Your task >> Return exactly the lines below, starting with the one that has "2026年选加厚防火孔明灯，四色飘带款真的更安全易飞吗？" and going on through the one that has "Clipart ballon de rugby".

┌─ Dataset records

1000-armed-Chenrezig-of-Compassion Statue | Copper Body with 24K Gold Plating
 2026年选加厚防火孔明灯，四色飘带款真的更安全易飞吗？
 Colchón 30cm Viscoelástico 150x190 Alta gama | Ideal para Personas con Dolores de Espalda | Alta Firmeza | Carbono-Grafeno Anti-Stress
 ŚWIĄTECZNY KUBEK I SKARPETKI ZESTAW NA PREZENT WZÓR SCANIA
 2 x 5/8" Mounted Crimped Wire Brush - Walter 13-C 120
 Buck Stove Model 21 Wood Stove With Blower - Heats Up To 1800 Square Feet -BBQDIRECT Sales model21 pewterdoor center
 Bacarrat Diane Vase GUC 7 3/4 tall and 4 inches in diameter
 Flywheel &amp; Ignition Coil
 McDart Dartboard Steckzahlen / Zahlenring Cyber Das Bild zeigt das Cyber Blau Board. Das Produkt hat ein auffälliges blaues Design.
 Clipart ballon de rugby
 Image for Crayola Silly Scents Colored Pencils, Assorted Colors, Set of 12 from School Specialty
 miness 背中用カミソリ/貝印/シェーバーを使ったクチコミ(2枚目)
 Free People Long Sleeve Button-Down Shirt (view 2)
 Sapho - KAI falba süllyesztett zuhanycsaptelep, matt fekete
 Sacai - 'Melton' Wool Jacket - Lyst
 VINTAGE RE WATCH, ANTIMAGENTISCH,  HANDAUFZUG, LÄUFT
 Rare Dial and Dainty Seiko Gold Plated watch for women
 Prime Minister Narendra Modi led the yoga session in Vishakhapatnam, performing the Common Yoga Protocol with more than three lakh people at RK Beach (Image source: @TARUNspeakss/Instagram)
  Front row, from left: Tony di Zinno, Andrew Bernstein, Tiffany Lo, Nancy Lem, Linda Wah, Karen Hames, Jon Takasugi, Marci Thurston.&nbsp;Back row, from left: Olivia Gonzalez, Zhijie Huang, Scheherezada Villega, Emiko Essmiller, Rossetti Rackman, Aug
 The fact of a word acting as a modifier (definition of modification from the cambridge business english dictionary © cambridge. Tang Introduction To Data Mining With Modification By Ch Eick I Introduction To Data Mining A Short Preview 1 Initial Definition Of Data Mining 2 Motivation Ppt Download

└─

Finished exercise >>
 2026年选加厚防火孔明灯，四色飘带款真的更安全易飞吗？
 Colchón 30cm Viscoelástico 150x190 Alta gama | Ideal para Personas con Dolores de Espalda | Alta Firmeza | Carbono-Grafeno Anti-Stress
 ŚWIĄTECZNY KUBEK I SKARPETKI ZESTAW NA PREZENT WZÓR SCANIA
 2 x 5/8" Mounted Crimped Wire Brush - Walter 13-C 120
 Buck Stove Model 21 Wood Stove With Blower - Heats Up To 1800 Square Feet -BBQDIRECT Sales model21 pewterdoor center
 Bacarrat Diane Vase GUC 7 3/4 tall and 4 inches in diameter
 Flywheel &amp; Ignition Coil
 McDart Dartboard Steckzahlen / Zahlenring Cyber Das Bild zeigt das Cyber Blau Board. Das Produkt hat ein auffälliges blaues Design.
 Clipart ballon de rugby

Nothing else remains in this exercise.